My dad was born and raised in Brooklyn, New York; my mom in a small farm town in western Ohio; I was born and raised in suburban Washington D.C.; I’ve lived in northern Illinois for a decade and a half. I’m a blend of east coast Italian and midwest German, and I’ve felt that merger keenly my entire life, mostly geographically. The east coast is in my marrow. I’ve visited, lived and worked in New York for months-long stretches during the last decade, mostly while writing Sweat: The Story of the Fleshtones, America's Garage Band. From my past I recall day-long Italian Thanksgiving dinners at my uncles’ homes in Brooklyn and Queens, and visits with my family into Manhattan, and because my attachment to the city is personal and familial, my stays there feel oddly like home. In "Reflections on Subletting," New Yorker Phillip Lopate writes of a curious homesickness he would experience when visiting his native town: "I am homesick precisely because I have come home, but not to any house of mine." I’m not home here in a literal sense, though in a figurative way, it feels as if I am. I bring the solace and quiet and space of my midwest college town with me, and they bump up against NYC’s noise and chaos.

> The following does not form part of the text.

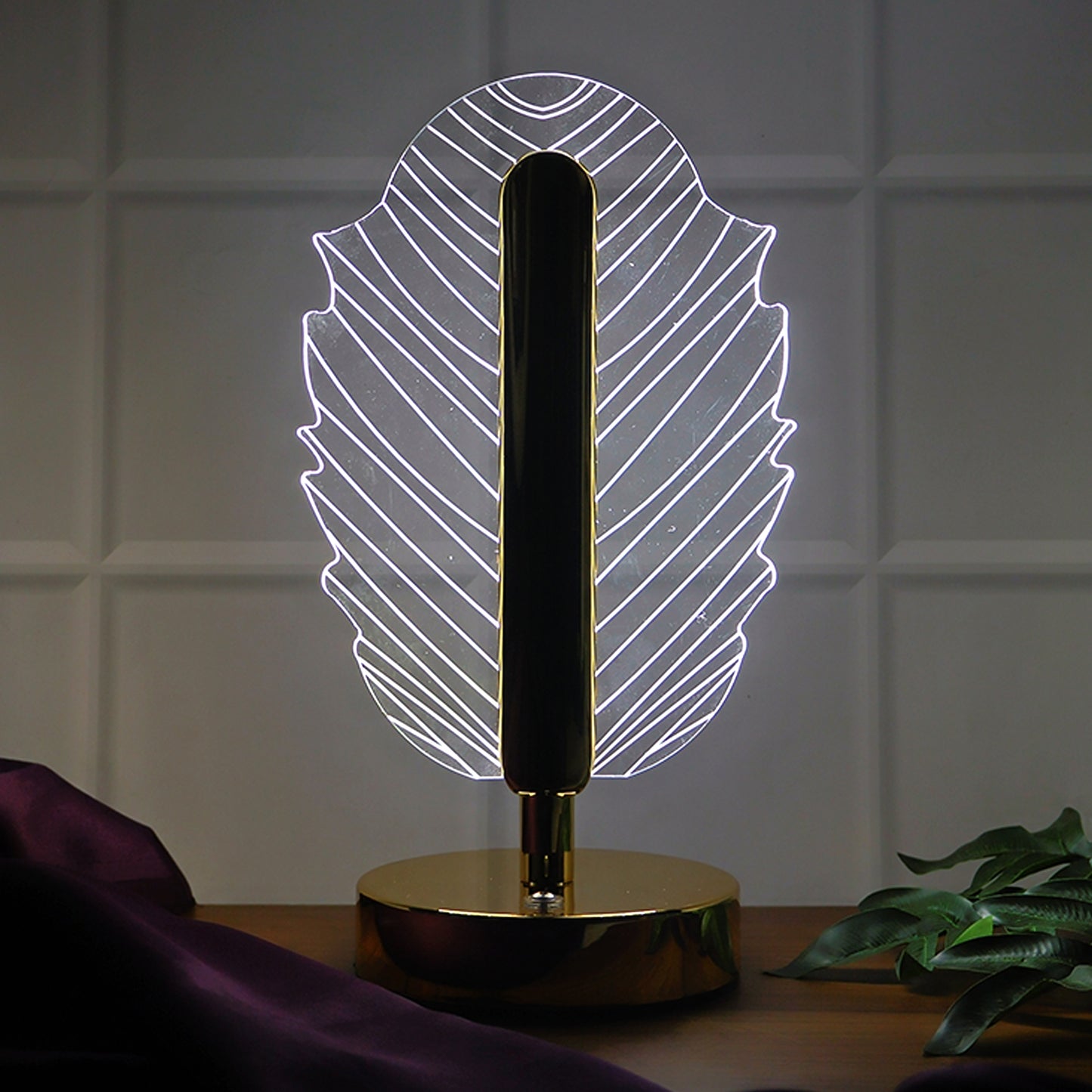 Wukusy premium leaf-shaped crystal table lamp for home decor, featuring a detailed crystal leaf design on a sleek base.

During our stay we visited Christian Boltanski’s No Man’s Land installation at the Wade Thompson Drill Hall in the Park Avenue Armory. (Unfortunately I missed him talking with Luc Sante, a couple of weeks earlier.) Boltanski’s piece features a giant mound of used, donated, and discarded clothing centered in the hall amidst squares of laid-flat clothing; an enormous, man-operated crane methodically lifts random clawfulls of clothes to the ceiling, only to drop them back down. This continues all day, as a soundtrack of human heartbeats plays over cranked-up loudspeakers. (Earlier, Amy and I had our own heartbeats recorded and donated to a permanent exhibit on an island in the Sea of Japan.)
This camera video that I took hints at the scope and size of the exhibit.
The boundary between home and where one visits might blur, but it's always there, keeping us rooted and wandering at once. William Hazlitt: “I would like to spend my whole life traveling, if I could borrow another life to spend at home."